Conjugal Love by Alberto Moravia
Author:Alberto Moravia [Moravia, Alberto]
Language: eng
Format: epub
Published: 2010-10-15T05:00:00+00:00
11
I TOLD her that I wanted to climb up to the threshing-floor and look at the immensely wide view that could be obtained from there; she agreed and, still linked together, we scrambled up the steep slope, over the slippery grass. When we reached the threshing-floor we stood quite still for a moment gazing at the landscape. The whole wide plain stretched away as far as the eye could see, in the clear night, and the moonlight, falling upon that vast area of growing things, showed up the rows of fruit-trees, the hedges, the empty spaces of the fields, the vineyards. Here and there its brilliance was concentrated upon the front of some farmhouse, bathing it in silver. At the horizon, a row of black mountains made a clear line between the earth and the tranquil sky. A far-away murmur, as of a train running hidden amongst the cultivated fields, passed across the sleeping countryside and emphasized its vastness and its silence.
My wife gazed at this landscape almost in bewilderment, as though she wished to penetrate the secret of its serenity and its silence; and I, putting my arm round her waist again, began talking to her in a low voice, pointing out now one place, now another, in the plain below us, and exalting in the beauty of the night. Then, as we still conversed together, I made her turn round towards the mountain that rose behind us and pointed out the walls of the town upon its top. We had moved, as we talked, close to one of the straw-stacks: on the ground there was scattered straw where the farmer's children played in the daytime. Suddenly I embraced her, murmuring: 'Leda . . . isn't it better here than in your room?' And, as I spoke, I tried to push her gently to the ground.

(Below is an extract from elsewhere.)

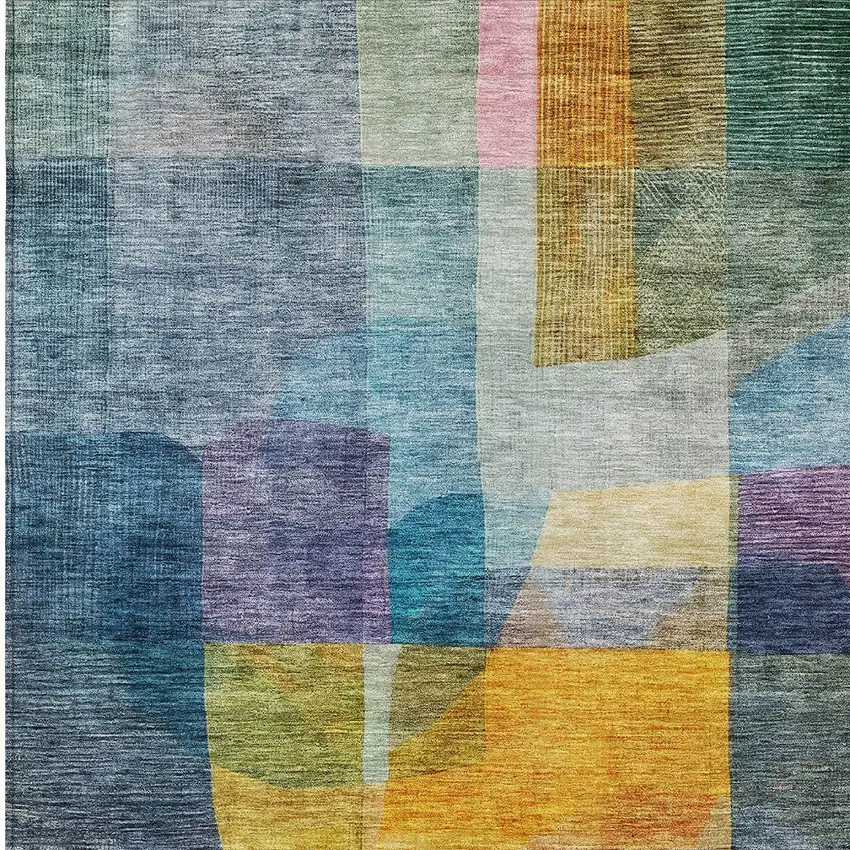 Blue Green And Purple Abstract Washable Indoor Outdoor Area Rug Photo 5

She looked at me, her shining blue eyes dilated by a sudden temptation. Then, resisting me, she said: 'No . . . the straw isn't clean. . . . Besides, it's so prickly. . . . I should ruin my frock.'
'What does your frock matter?'
'Your work isn't finished yet,' she said all of a sudden, with a laugh that was unexpected and full of coquettishness;' the day you've really finished it, we'll come back here, at night. ... Is that all right?'
'No, it's not all right, there won't be any moon then. . . . Tonight.'
Softly, and as though she were still hesitating, she said: 'Let me go, Silvio'; and then, all at once, she freed herself and ran off, down the hill, laughing. It was a fresh, childish laugh, full of an affectionate nervousness in which there seemed still to be a tremor of the temptation that I had discerned, a moment before, in her eyes; and this seemed to recompense me for the way in which she repulsed me. Perhaps it was better that it should have happened like this, I thought, as I ran after her: a gentle refusal and a gracious laugh.